Two utterances of same word from different speakers, before and after alignment.
We do this in the Dataset_Analysis.ipynb Notebook.
Note that you will have to run the notebook yourself as plotly plots are not displayed automatically.
This is shown in the Run_Models.ipynb Notebook.
Note that you will have to run the notebook yourself as Plotly plots are not displayed automatically.
We use a 3 layered Fully connected neural net that parametrises a diagonal covariance Normal distribution (mean and std for each output) over the regression targets. The inputs/targets are Generalized Cepstral Coefficients and log f0 with their first and second order time gradients. We use the outputted covariance matrix as the uncertainty parameter for MLPG. Both inputs and targets are normalized to have 0 mean and unit variance.

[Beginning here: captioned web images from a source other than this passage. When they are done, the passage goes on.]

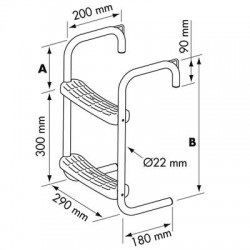 Echelle Inox pour Ponton Crosse Hauteur 90MM 2 Echelons Fixes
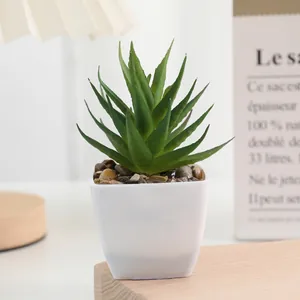 Artificial succulent potted plant fake green plant mini desktop ornament for home decor.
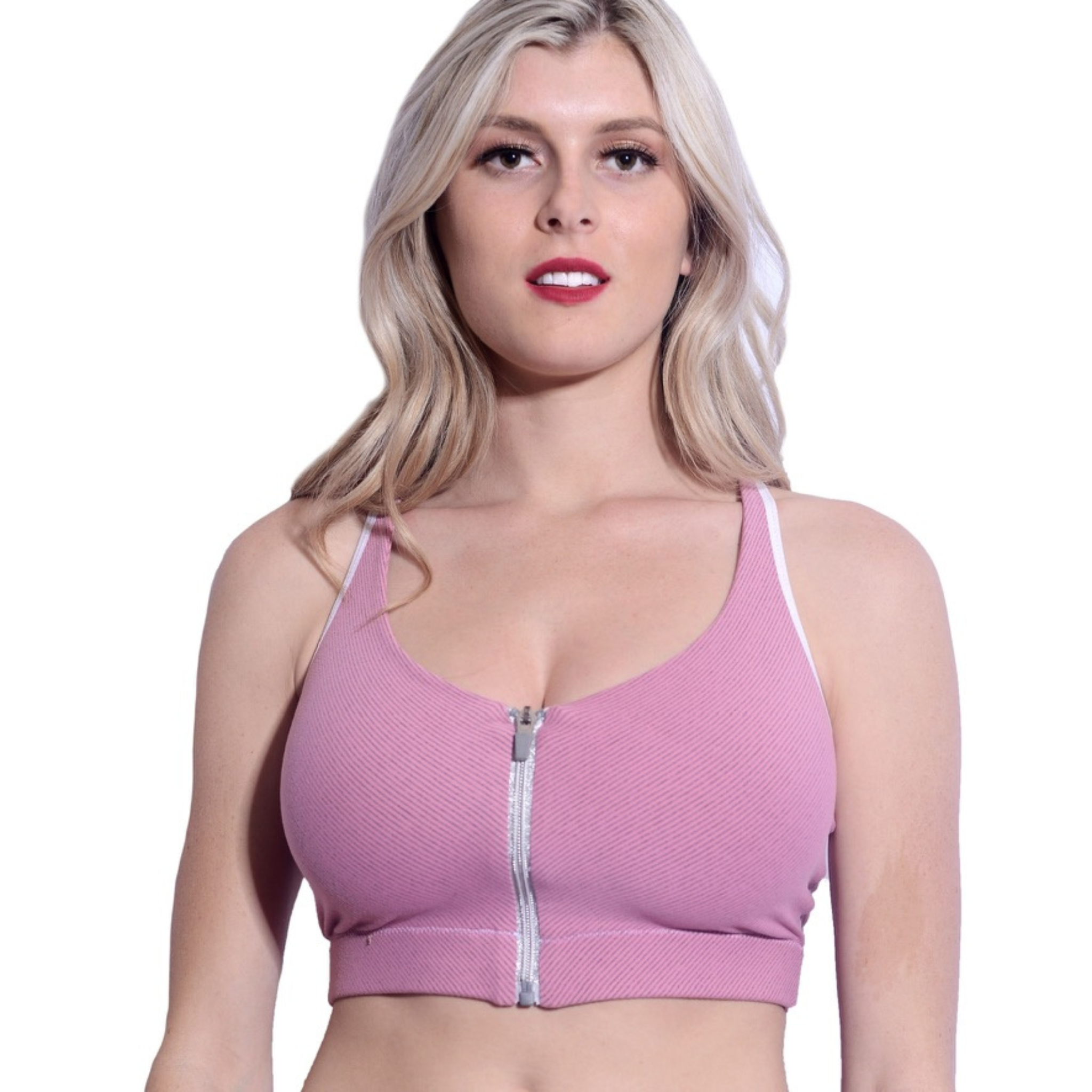 Sports Bra - Pink & Gray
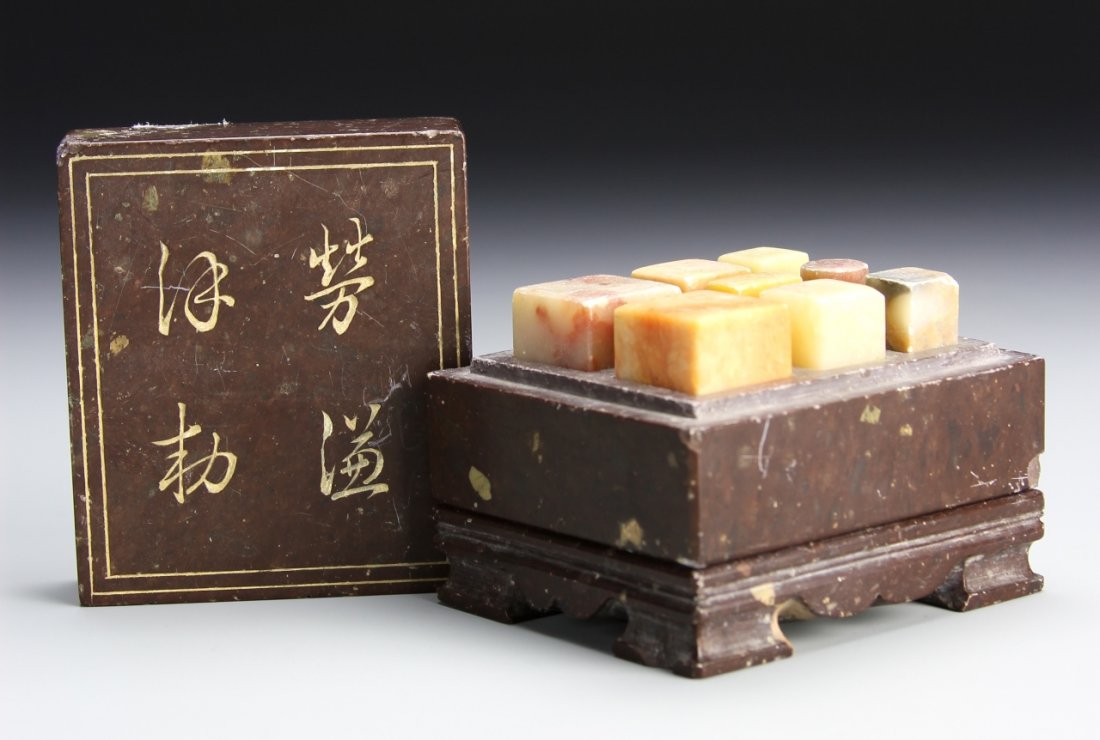 Box of Chinese Mini Shoushan Stone Seal Chops (1 of 2)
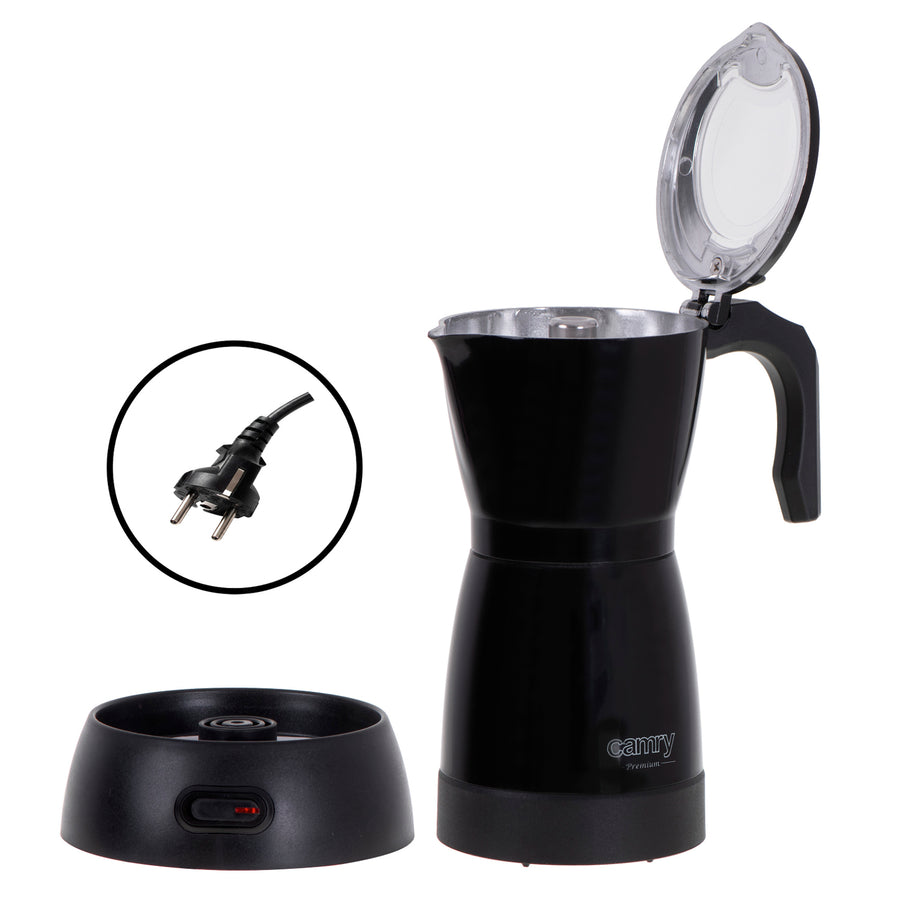 Moka Camry CR 4415B 300ml electric coffee machine for 6 cups of espresso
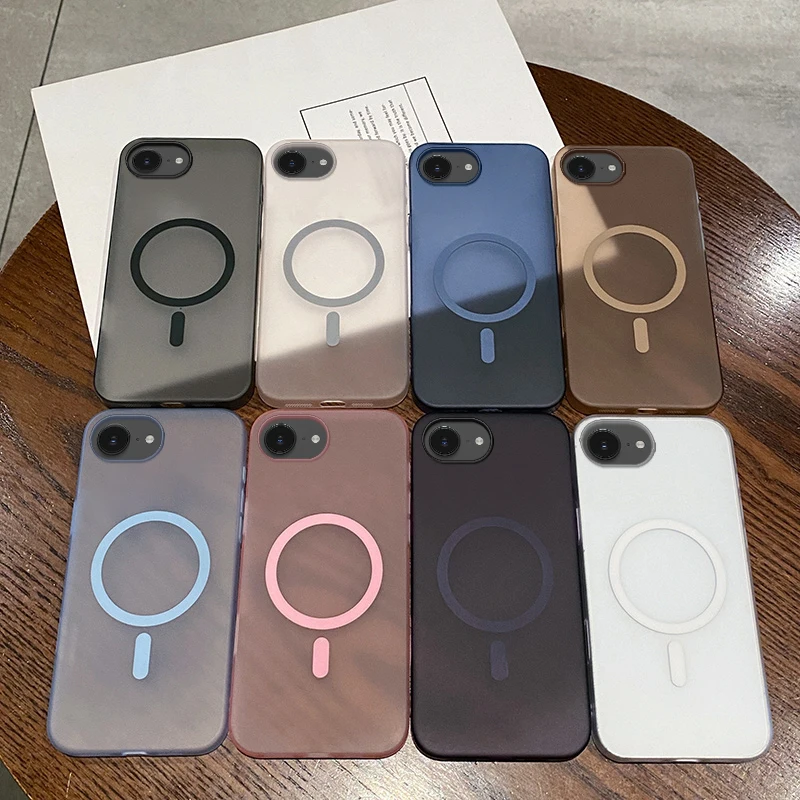 حافظة أصلية غير لامعة لهاتف Magsafe لهاتف آيفون 17 Air 16E 16 15 14 13 12 11 Pro XR X XS Max Plus غطاء كمبيوتر صلب مغناطيسي شفاف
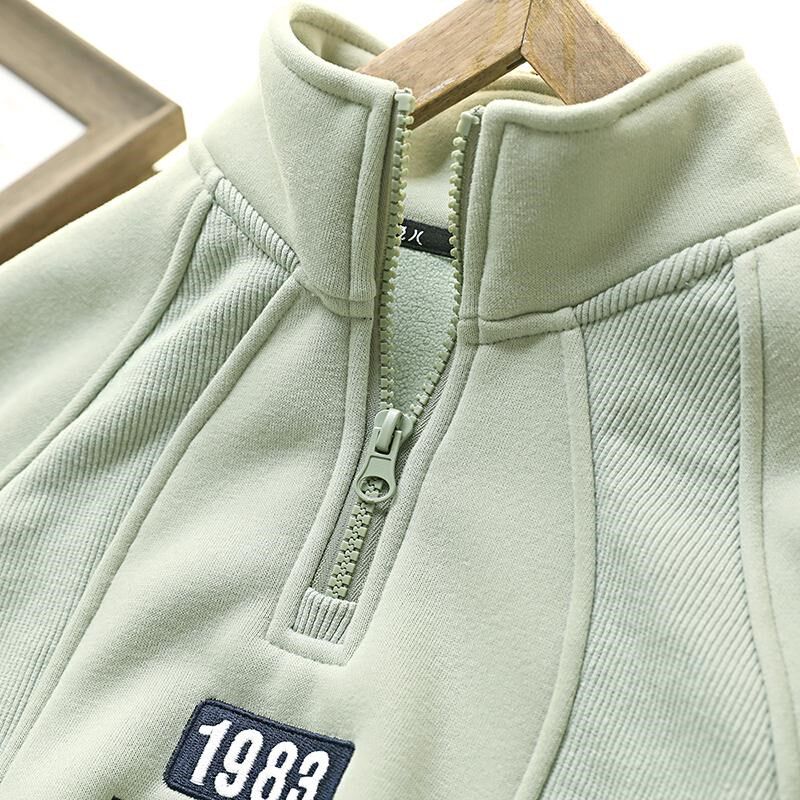 男童半拉链加绒卫衣秋冬2024新款儿童立领洋气加厚上衣中大童衣服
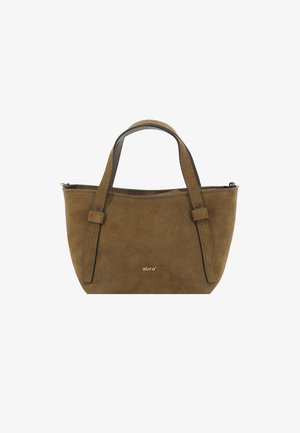 Brown suede tote bag with two short handles, featuring a gold logo on the front and smooth stitching along the edges.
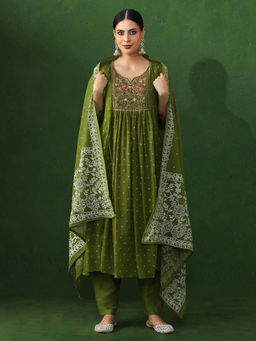 Jaipur Kurti - Green Embroidered A-Line Pure Cotton Kurta & Pant with Dupatta (Set of 3)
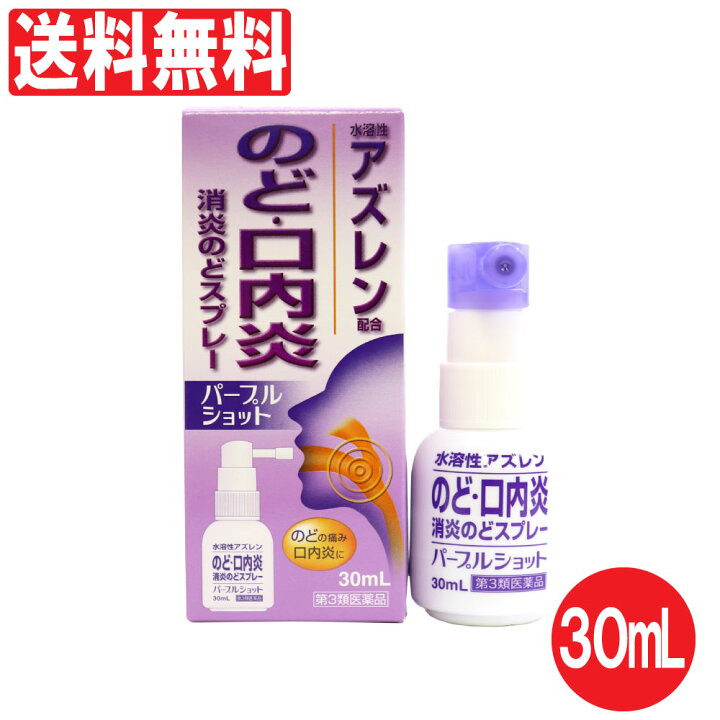 楽天市場 10 5 P最大14倍 お買い物マラソン 第3類医薬品 のど 口内炎 消炎のどスプレー パープルショット 30ml のどの痛み はれ 不快感 声がれ 水溶性アズレン 送料無料 わごんせる金橋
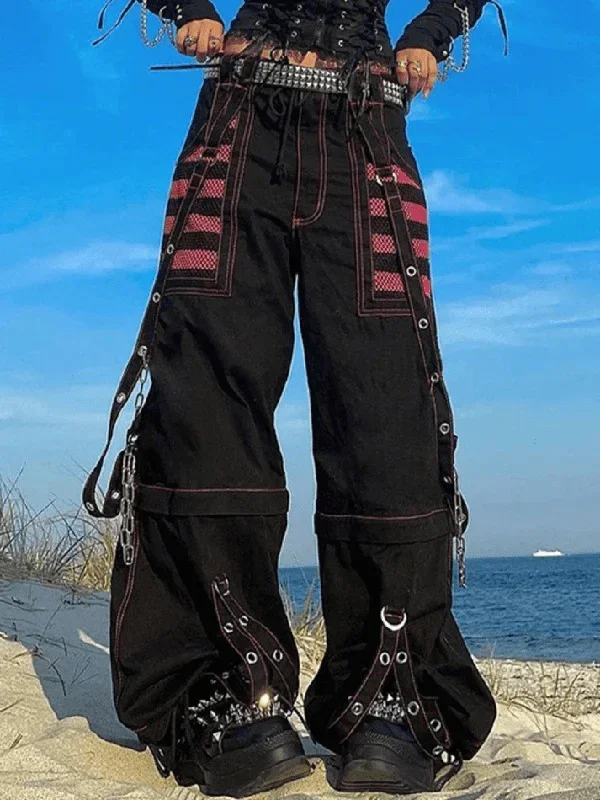 Eyelet Strap Black Cargo Pants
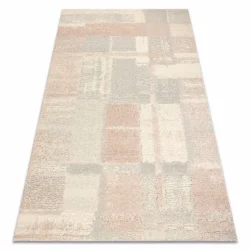 FLUX 461.43.AE200 wool carpet OSTA - Geometric, structural, loft cream / pink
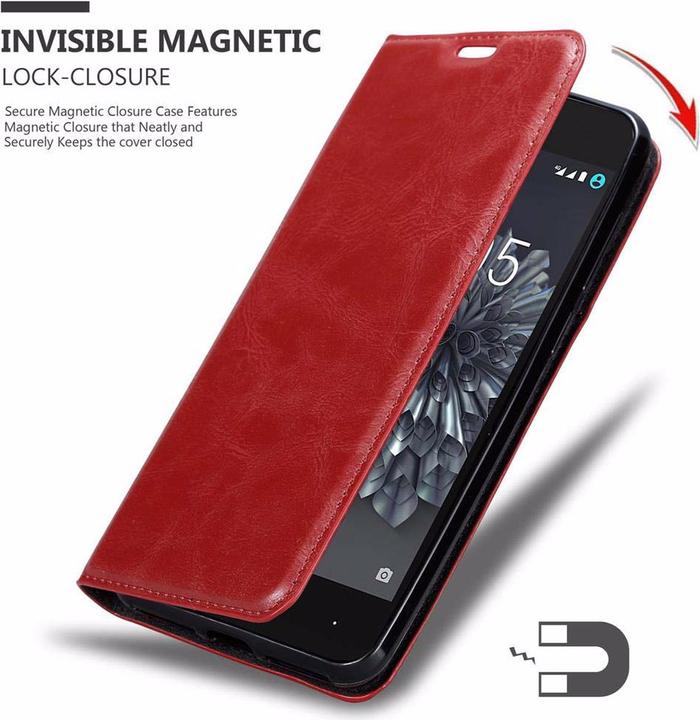 Productafbeelding Cadorabo Boek Onzichtbare Magneethoes (BQ Aquaris X5)
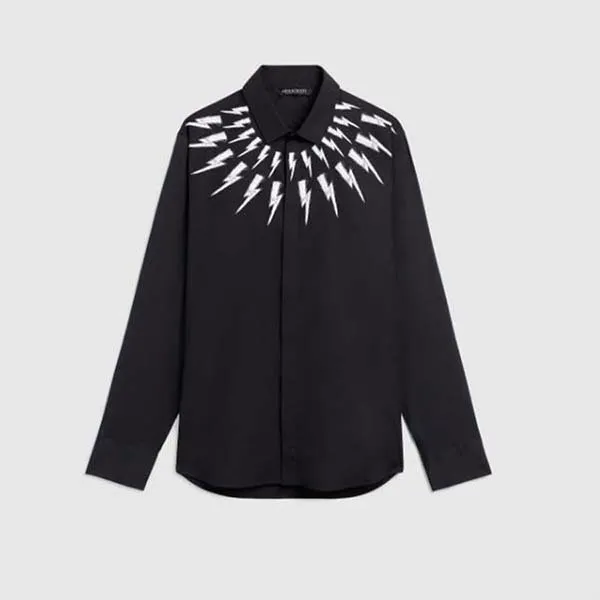 Áo Sơ Mi Neil Barrett Fair-Isle Thunderbolt Shirt Màu Đen - Thời trang - Vua Hàng Hiệu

In the following image we show the conversion of a word's fundamental frequency. Although
the predicted values are temporarily aligned with the source values, they take the shape
of the target waveform. Additionally, we can see how MLPG uses slope information in order
to produce a smooth output.
This script was developed to run on a low resource device like a raspberry pi 3. All dependencies must be satisfied.
python hobbes.py [-dn DATASET_NAME -ts_num SAMPLE_NUM] [--harvest]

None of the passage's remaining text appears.